Saturday, March 10, 2007

A new, New Deal

On Monday, the BBC reported on the Freud Report on welfare reform. This report discusses the use of the private firms and charities to get the longest-term unemployed into work. However, the most newsworthy part was suggestions that private companies may pay for tattoo removal.

The Freud report approach incentivises firms and organisations to rapidly push the long-term unemployed into any type of work and keep them there for three years. This has several problems:

First, the New Deal has moved some of the previously long-term unemployed into in insecure work. This is because the New Deal encourages people to enter work experience placements or training. Should they be unable to find permanent work as a result, they sign back onto JSA. Since employers have no incentive to create permanent jobs for those undertaking work experience (it is much better to lay them off and get a new New Deal person) and since training or education do not necessarily lead to employment, there are increasing numbers of people switching between New Deal and JSA. The Freud report doesn't seem designed to place these people into structured, secure work.

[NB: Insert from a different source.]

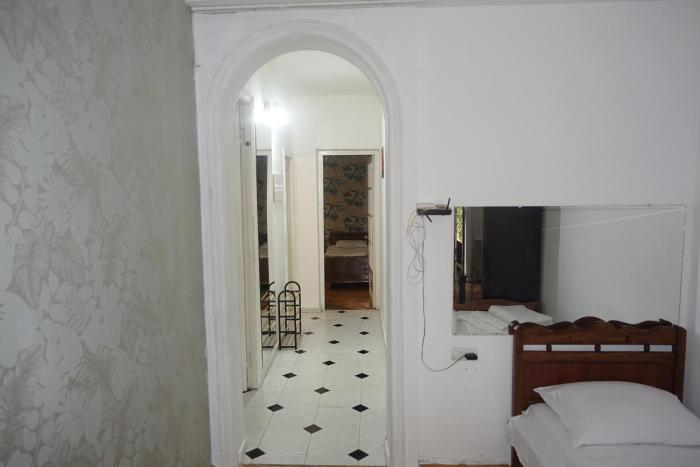 Bigapart sity centre, old Tbilisi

Second, the Freud incentive system benefits the provider of work opportunities and not the claimant. Although the Freud incentives system is designed to stop providers placing people in 'dead-end jobs', e.g. paying if the claimant remains in the job for three years or gains qualifications, the provider's incentive is to jump through government funding hoops and not to do what is best for the unemployed [I have only had a quick check through this report so could be wrong]. In the words of Adam Smith writing about subsidies to the eighteenth-century Scottish herring fishery, 'fishermen went to sea to catch not the fish but the bounty'.

A third problem is that the Freud report system degrades the claimant. Long-term unemployment can be degrading, demoralising and sap initiative even for the best of people. Being bugged by a provider to tick boxes for government funding is probably not the best way of addressing this problem.

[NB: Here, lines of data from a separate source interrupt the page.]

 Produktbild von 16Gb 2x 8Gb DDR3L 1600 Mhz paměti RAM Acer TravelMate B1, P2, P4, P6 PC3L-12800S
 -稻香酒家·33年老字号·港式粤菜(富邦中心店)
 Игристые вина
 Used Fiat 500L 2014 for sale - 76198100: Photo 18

So what should we be doing? I quite like the SMF's recent proposal for personal employment accounts [downloadable here]. This replaces the New Deal and brings responsibility for gaining employment and career development back to the claimant in conjunction with their personal advisor.

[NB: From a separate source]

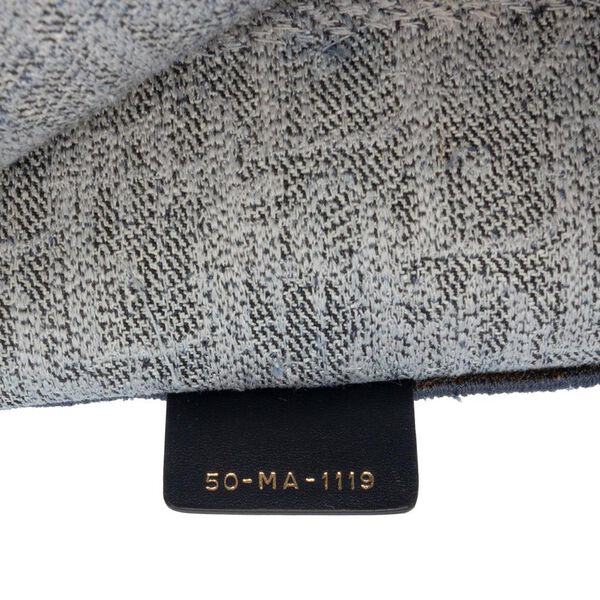 Dior Book Tote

I would make one change to the SMF's proposal. The Freud report suggests a more personalised approach to helping job seekers into work would place a huge workload onto Jobcentre Plus. The SMF suggest that JSA continues as it is now. Having experienced the system myself, I would disagree. Dealing with longer-term temporary workers or those in insecure employment, who sign on and off JSA repeatedly is a huge waste of Jobcentre time and money. I was unemployed for a week after submitting my PhD but had to go through a 30 minute discussion about my employments prospects before getting JSA. This was a waste of both my and the PA's time (we spent much of the time discussing welfare politics). This experience has convinced me that some variant on a non-quibble 'citizen's income' is probably the best approach for the first 3 - 6 months of unemployment.